Recently I had fun connecting Okio to zlib. It even had fun side quests:
- I learned about zlib, info-zip, PKZip, and how they relate. Sometimes a project’s logo tells you a lot!
- I studied real-world .zip files and learned that most .zip file writers aren’t ready for 2038.
- I got to do date math for DOS and NTFS!
If I were writing this code just to solve a business problem, I wouldn’t have spent so much time on the fun little details. And that reminds me of this devastating quote:
“Audiophiles don't use their equipment to listen to your music. Audiophiles use your music to listen to their equipment.”
I claim the programmer analogue: I don’t write software to solve business problems. I solve business problems to write software.
Fun?
There’s a flaw in my argument. If I’m writing software for fun, shouldn’t I be writing software that is more fun than .zip files? Like games, graphics, music, or poetry?
There are a bunch of conventionally fun things that compete with open source for my leisure time. I wanna finish the Burning Shores expansion of Horizon Forbidden West. I wanna play more Terraforming Mars. I wanna write & illustrate a kids book.
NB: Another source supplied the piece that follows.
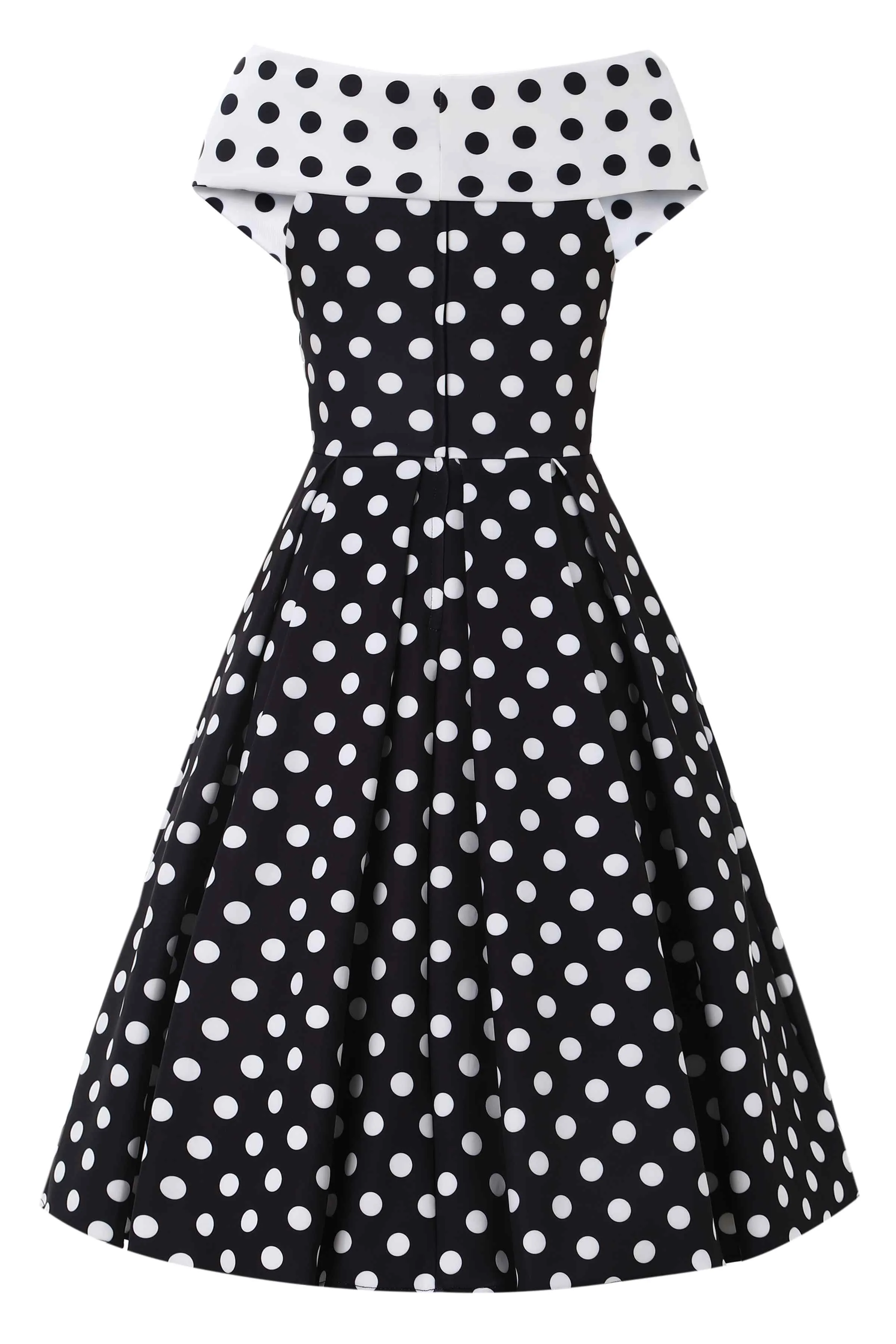 Beverly Monochrome Polka Dot Off Shoulder Dress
One recent competitor for my time was Zelda: Link’s Awakening. In it, a bear character asked me for honey and I spend an hour to make him happy! I searched the world for honey, stole it from some bees, and delivered it to an enthusiastic bear. Bringing honey to an NPC bear is fun.
Zelda
Sometimes open source issue trackers are just lists of tasks to complete.
But sometimes they’re a place where interesting characters suggest fun quests that I can do. Maybe an imaginary bear says ‘I wish I could open honey.zip!’ Or maybe a real person, is trying to fix the darn FileSystem.SYSTEM
visibility.
Advice
When you’re asking open source project maintainers to do work for you, try to make it fun!